Reading the man page for slurm.conf, it looks like we should switch to 

PreemptMode = OFF
PreemptType = preempt/none

We'll also edit the asreml partition as it shouldn't contain comp105 or comp106 (this was a mistake made in a recent change).

Thanks again for all your help,
Ben
Comment 6 Oscar Hernández 2023-04-13 04:00:24 MDT
Hi Ben,
 
> Thank you for your extremely helpful response!
You are welcome!

>It looks like the current settings enable gang scheduling for jobs in a 
>partition with a higher PriorityJobFactor. Currently we have two such 
>partitions, asreml & shortrun.
Well, I am not sure if this has ever worked as intended. The relevant priority parameter for job preemption is "prioritytier"[1]. PriorityJobFactor is only used for job priorization, but not having effect on preemption. 

> Reading the man page for slurm.conf, it looks like we should switch to 
> 
> PreemptMode = OFF
> PreemptType = preempt/none
Since you do not seem to have any partition configured with prioritytier nor oversubscription, I do not think you were currently benefiting from any preemption configuration. So yes, I do agree on disabling it, that should make your config more coherent.

> We'll also edit the asreml partition as it shouldn't contain comp105 or
> comp106 (this was a mistake made in a recent change).
Great then. I am pretty sure that with this fixes you should not experience the over-allocation again.

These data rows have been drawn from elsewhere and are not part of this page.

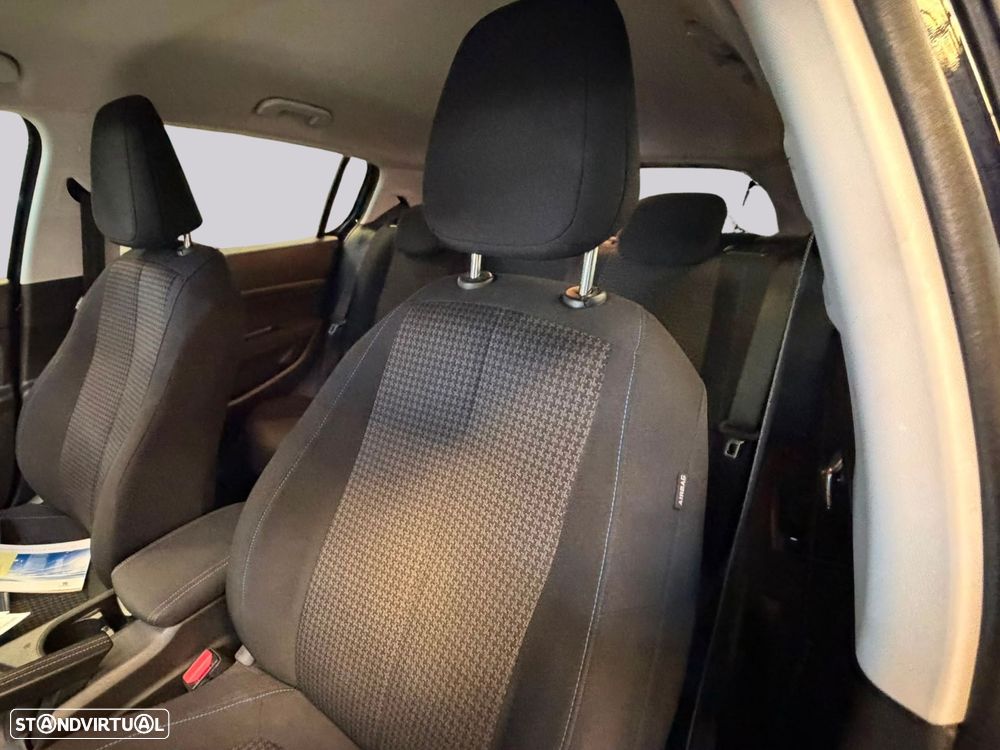 Peugeot 308 - 16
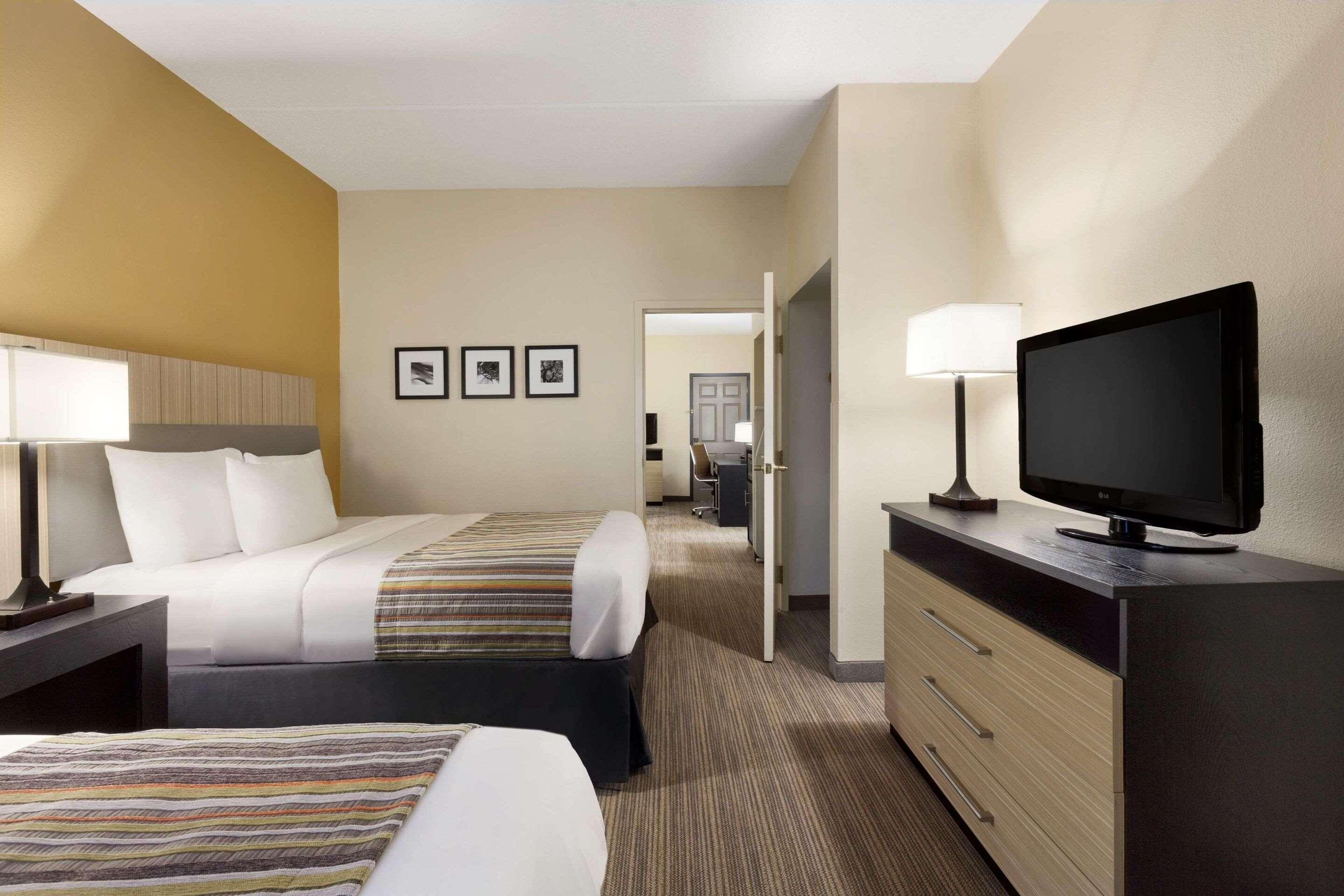 Suite Two Queen Beds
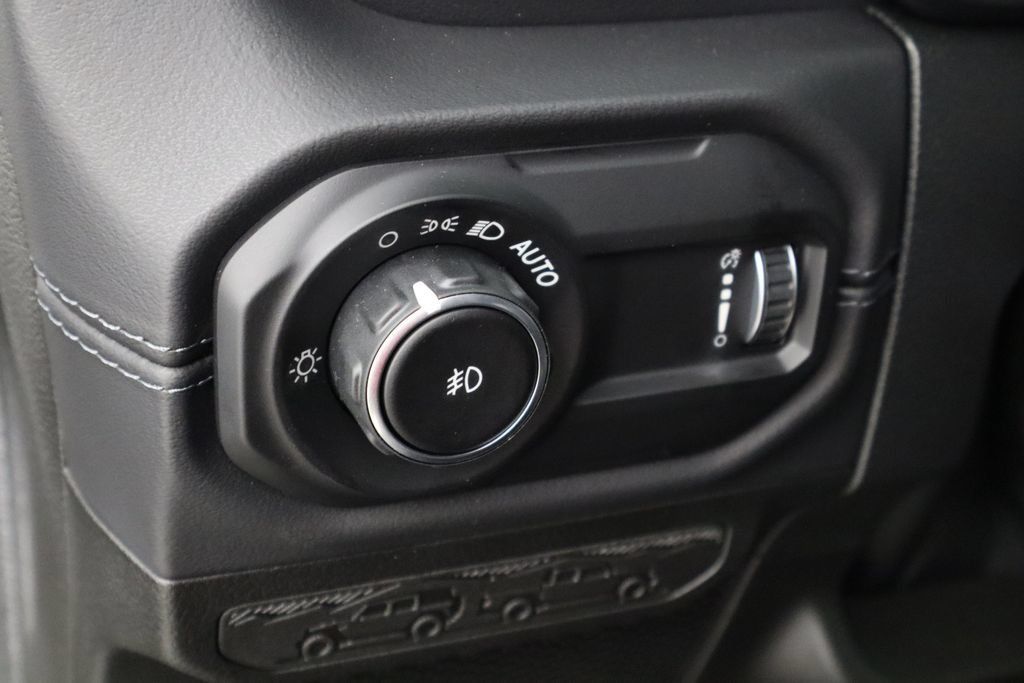 New 2027 Jeep Wrangler Unlimited Sahara AWD/4WD image 23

I will leave it open until you are able to test the suggested changes. We can close it once you confirm things do work as intended.

Cheers,
Oscar

[1]https://slurm.schedmd.com/slurm.conf.html#OPT_PriorityTier
Comment 7 BASC Admins 2023-04-16 19:06:33 MDT
Hi Oscar,

We are no longer experiencing this problem. Thank you for all your help!

Cheers,
Ben
Comment 8 Oscar Hernández 2023-04-17 02:32:53 MDT
Great! 
Closing ticket then :)